## Recorded information:
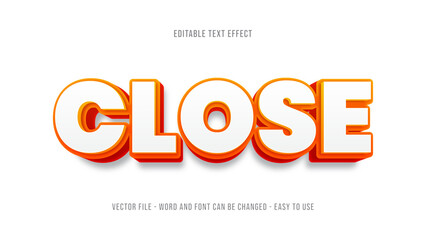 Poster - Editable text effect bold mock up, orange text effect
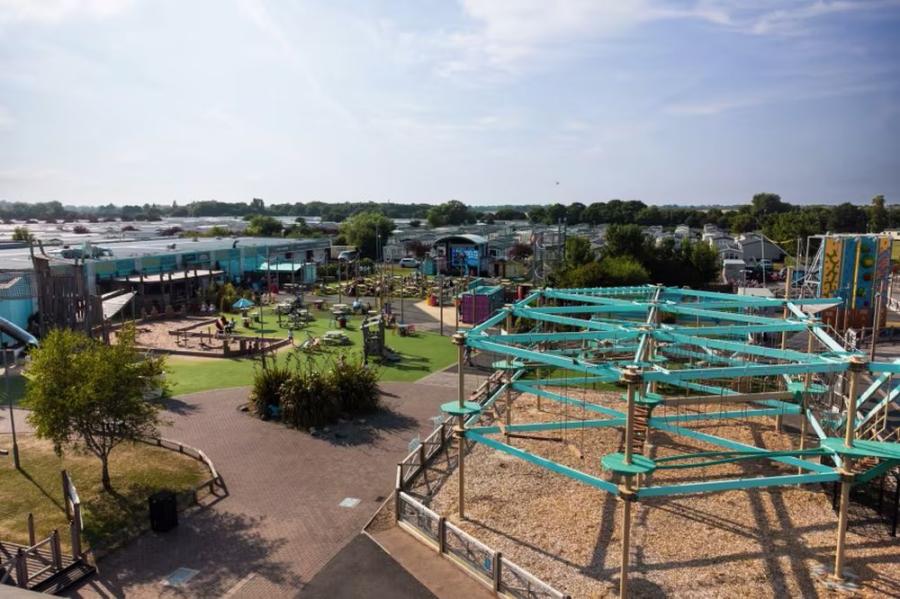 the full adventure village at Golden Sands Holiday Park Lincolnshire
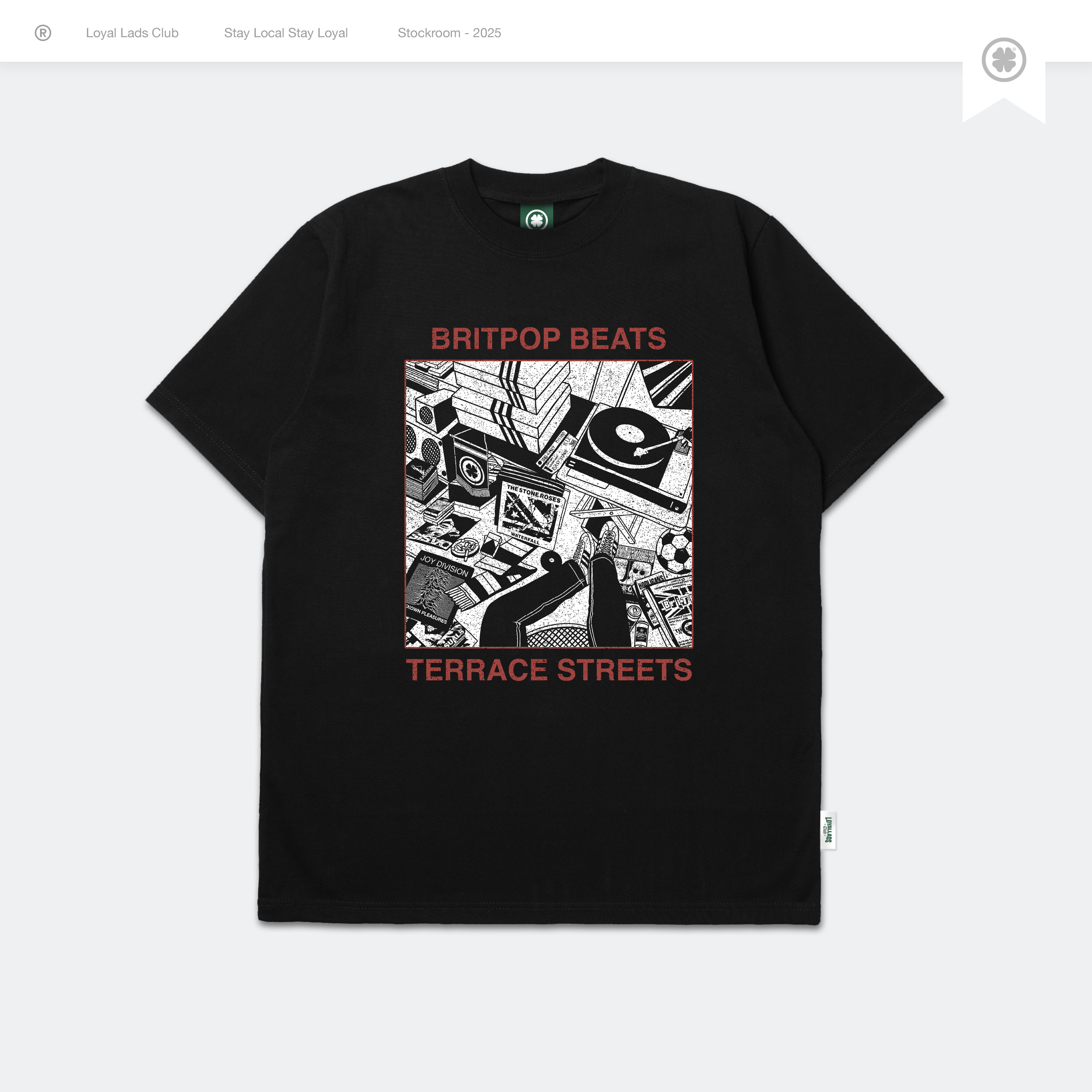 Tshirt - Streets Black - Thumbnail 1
--
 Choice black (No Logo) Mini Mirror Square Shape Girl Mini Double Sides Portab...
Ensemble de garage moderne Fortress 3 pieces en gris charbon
--
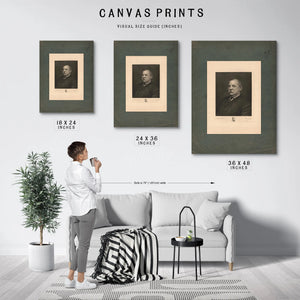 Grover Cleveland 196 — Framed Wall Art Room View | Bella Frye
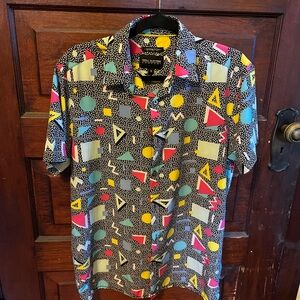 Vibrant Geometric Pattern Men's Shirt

## Problem statement:
Both boundary lines included, write out word for word only the lines above from the one containing "the full adventure" to the one containing "Tshirt - Streets Black - Thumbnail 1", leaving out any pictures.

## Solution to the exercise:
 the full adventure village at Golden Sands Holiday Park Lincolnshire
 Tshirt - Streets Black - Thumbnail 1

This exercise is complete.